『モアイくん』に『クォース』、『クロックス』も…ファミコン時代にどハマりした知る人ぞ知る「隠れた名作パズルゲーム」の画像
『ニンテンドークラシックミニ ファミリーコンピュータ』(任天堂)(C)Nintendo

 ファミリーコンピュータ(ファミコン)時代に登場したパズルゲームは、シンプルながらも時間を忘れてプレイさせられる魅力があった。思考力だけでなく、瞬間的な判断力も求められるため、1人プレイであっても没頭して熱くなったものだ。

 『ファミコン』のパズルゲームには、いわゆる「落ち物パズル(落ちゲー)」や「ブロック崩し」など、老若男女を問わず人気を博したタイトルが多い。そして、その陰には大ヒットとまではいかなくても、独創的で面白いパズルゲームが存在した。

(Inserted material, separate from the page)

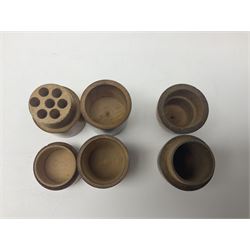 Collection of Mauchline ware relating to sewing, to include four ovoid shaped thimble cases, hinged lid thimble case and needle cases (12)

 そんなファミコン時代の「隠れた名作パズルゲーム」にスポットを当てて、その魅力を解説していきたい。

 

※本記事には各作品の内容を含みます。

 

■シンプルな操作性と奥深いステージ構成が魅力だった『モアイくん』

 1990年3月にコナミ(現:コナミデジタルエンタテインメント)から発売されたのが『モアイくん』だ。本作は、コナミの他のゲームにも登場していたキャラクター「モアイ」を主役に抜擢したアクションパズルゲームである。

 物語は、悪の帝王「スカルキング」にさらわれたモアイ族の子ども「プッチー」たちを救出するため、モアイ族の勇者「モアイくん」が立ち上がるという内容だ。

 操作はとてもシンプルで、十字キーで移動し、Aボタンでジャンプ、Bボタンで頭突きをするのが基本となる。このほか、爆弾をセットすることも可能だ。

 頭突きは敵を倒すだけでなく、ブロックの破壊や岩を滑らせることもできる。爆弾や頭突きでブロックを壊して足場を作りながら、岩を移動させて敵の行動パターンを読まなくてはならない。ステージ上のプッチーたちをすべて救出して扉に進めば、ステージクリアとなる。

 このゲームは、とにかく先の展開をしっかりと読む戦略性が重要だった。たとえば、岩が乗ったブロックを頭突きで壊して先へ進もうとすると、落ちてきたその岩に潰されてしまう。ただ闇雲に頭突きばかりしていればいいというわけではないのである。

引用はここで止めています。